**Supplied records**:
=====
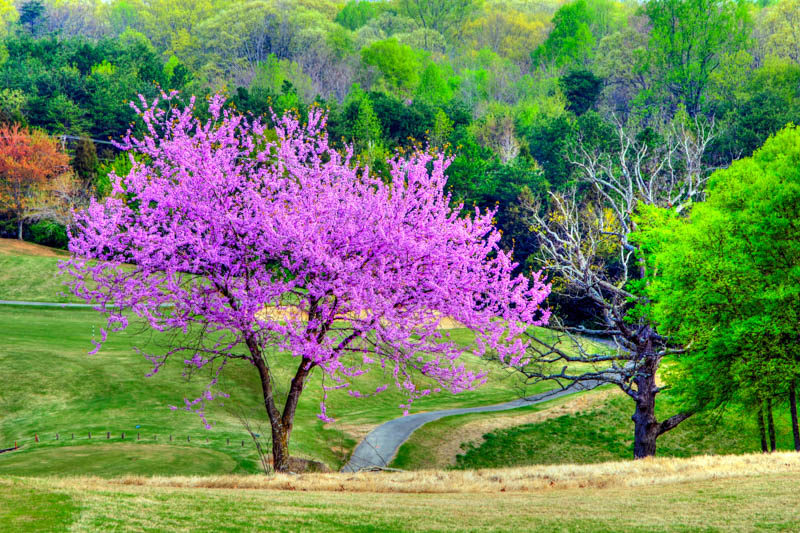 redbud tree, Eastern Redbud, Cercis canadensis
=====
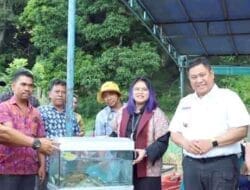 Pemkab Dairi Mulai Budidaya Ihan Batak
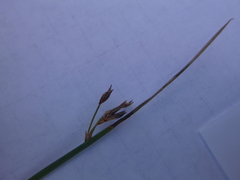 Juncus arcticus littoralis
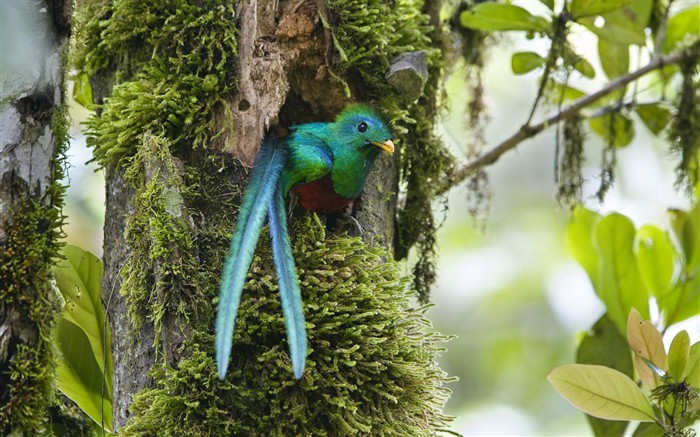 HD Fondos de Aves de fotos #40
=====
Repeat exactly, and only, the entries from the line with "Juncus arcticus littoralis" through the line with "HD Fondos de Aves de fotos #40". Pictures are skipped.

 Juncus arcticus littoralis
 HD Fondos de Aves de fotos #40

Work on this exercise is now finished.